Zero Vision: Another Year of Pedestrian and Cyclist Fatalities in Toronto
Pedestrian and cyclist deaths are becoming almost a daily occurrence on the news — so much so that they no longer come as a shock. While cities like Amsterdam and Paris seem to be becoming more and more pedestrian-friendly, Toronto is lagging behind. Since its implementation in June 2016, it seems John Tory’s Vision Zero plan has zero vision.
The Vision Zero plan was expected to reduce the number of injuries and fatalities in traffic to zero within the next five years. Yet, in 2017 there were 45 pedestrian and cyclist deaths, and 2018 saw that number surpass 45 by early winter.
2019 isn’t a good year either so far, as there have been 27 fatalities, excluding cyclists, and that number is expected to rise. The CBC reported that seniors compose nearly 80 percent of all pedestrian fatalities in the city. So, why doesn’t the city do more?
Vision Zero 2.0 was launched in March of this year, focusing on lowering speed limits on arterial roads around the city, and adding mid-block crosswalks and more signals at intersections to give pedestrians an advantage.

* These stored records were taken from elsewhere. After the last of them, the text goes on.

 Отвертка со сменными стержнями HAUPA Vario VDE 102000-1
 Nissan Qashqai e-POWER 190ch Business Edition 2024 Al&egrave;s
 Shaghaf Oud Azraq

Yet, with all of these safeties in place, people are still dying. As the city strives to push more people to cycle, walk, and use public transit, it seems like there’s no real incentive for them to do so.
It isn’t just the city’s outdated infrastructure that’s responsible. The anecdote of incredibly stressful city-driving in Toronto is so common almost everyone knows it. Yet it’s drivers’ attitudes that need to change, too. There are so many drivers turning right into crosswalks and nearly clipping someone, or ignoring stop signs just to save themselves that extra minute. Cities like New York and Montreal have banned right turns on red lights.

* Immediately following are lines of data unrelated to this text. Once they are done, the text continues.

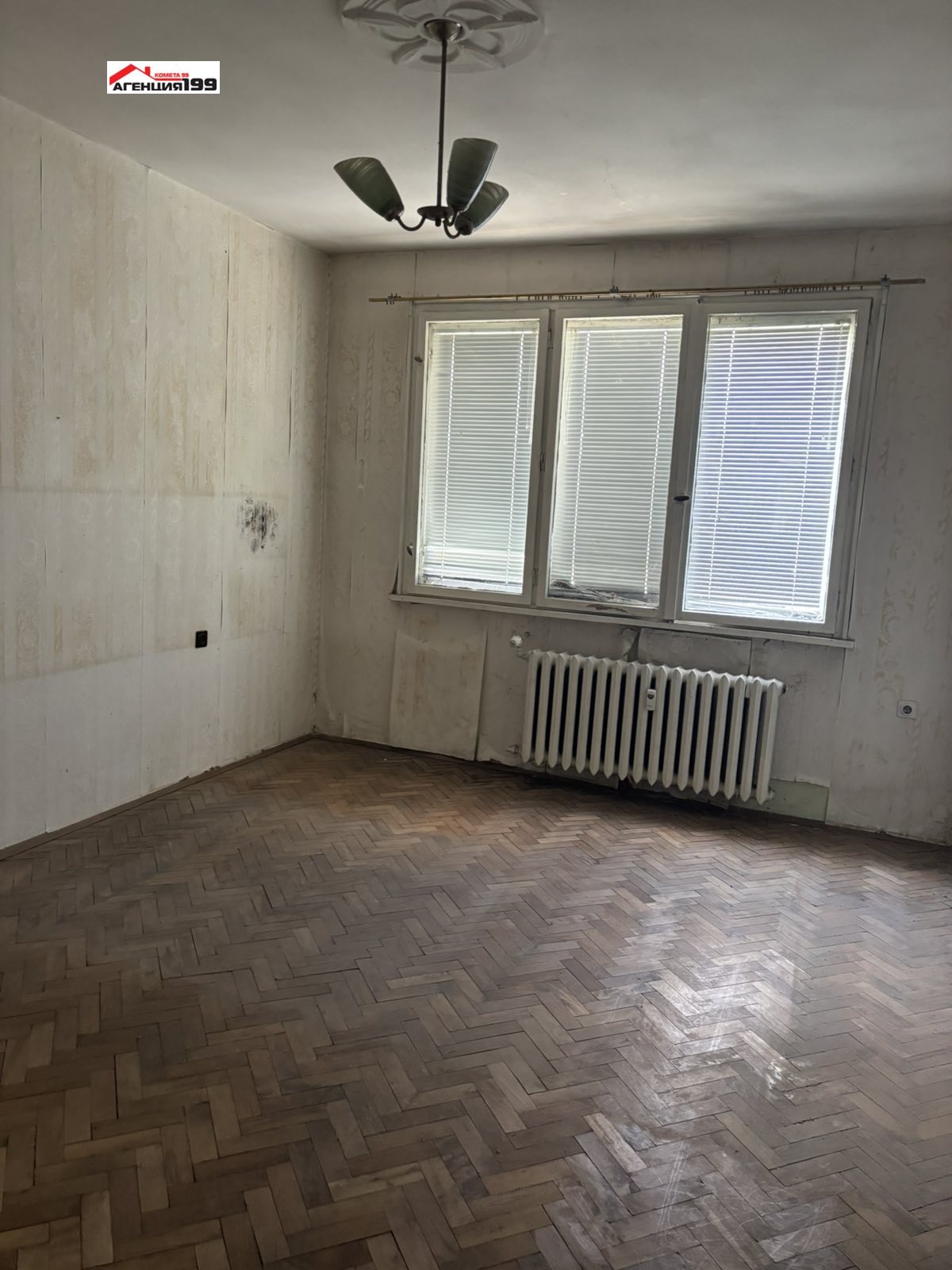 Продава 3-СТАЕН, гр. Русе, Алеи Възраждане, снимка 5 - Апартаменти - 55257496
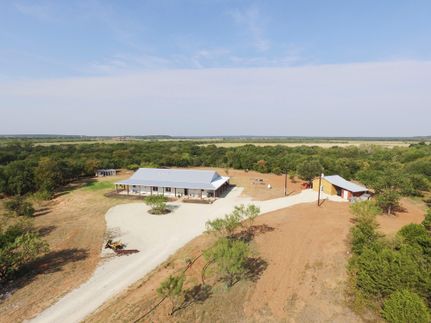 Property in Young County, Texas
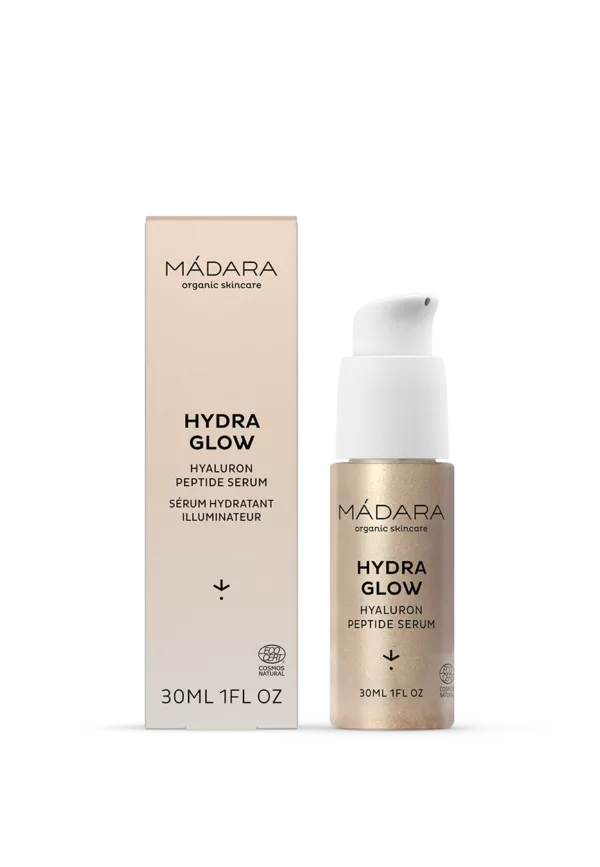 Hydra Glow - Sérum hydratant – Image 1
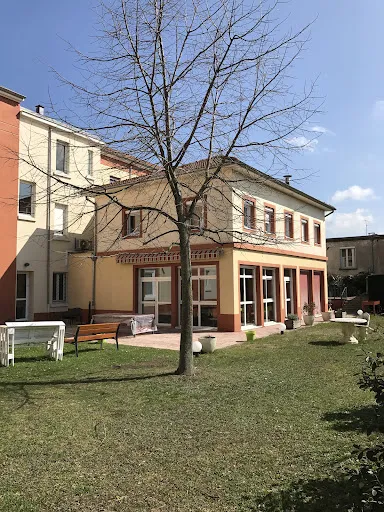 Résidence Du Clair Mont à Roanne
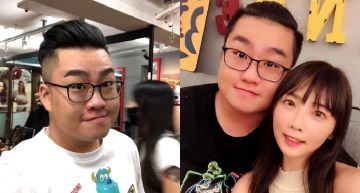 戲份被剪光?「Joeman」自曝客串《延禧》大讚「明玉」可愛 「咪妃」傻眼:我呢?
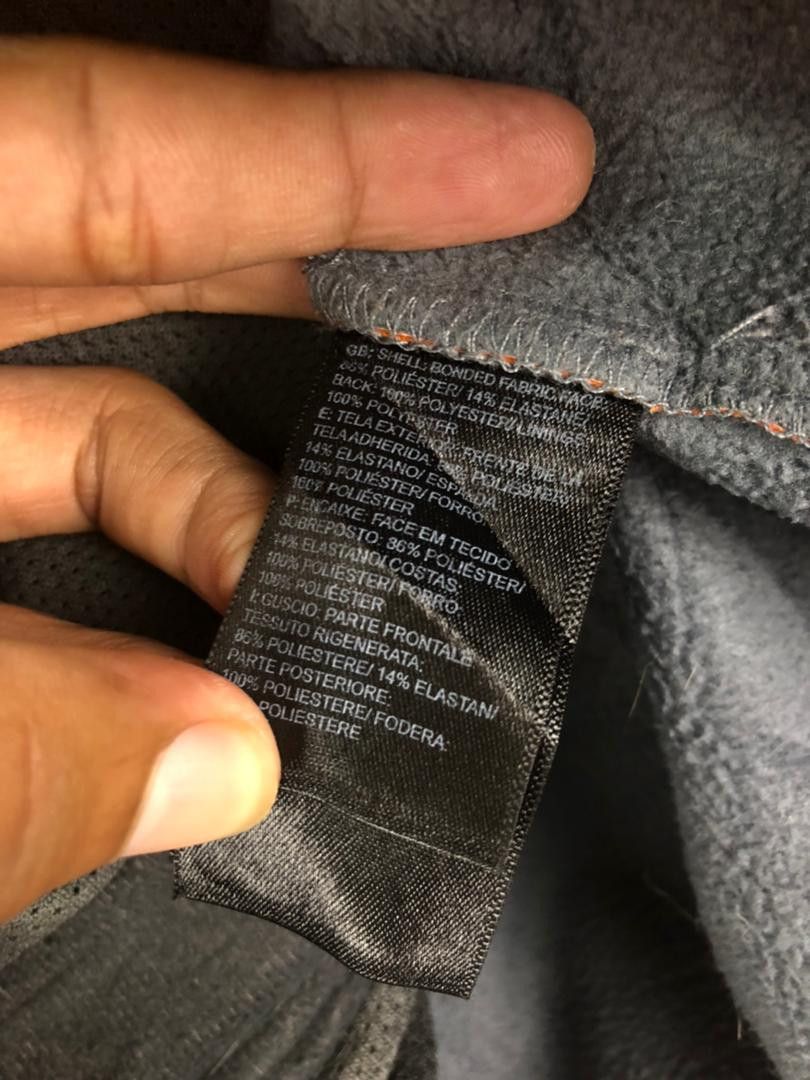 The North Face Vintage TNF The North Face Windwall Jacket Size US L / EU 52-54 / 3 - 4 Thumbnail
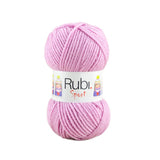 Rubi Sport yarn – Thick acrylic 100 g, winter – Color 713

It’s drivers’ responsibility to keep the roads safe too, but the city is incentivizing these dangers. Cars go down the King St. corridor daily, breaking the law. If caught, they face a measly $110 fine. Meanwhile, the fine for fare evasion on the TTC is almost four times that. Anyone that has taken a streetcar knows how stressful it is getting off, because often times cars just don’t stop.
Even the way these things are reported, “pedestrian struck by vehicle,” is a way to shift blame. A car doesn’t just go and hit someone, it is controlled by the driver. Perhaps if headlines read “driver hits pedestrian with a two-ton car,” then maybe people will begin to care.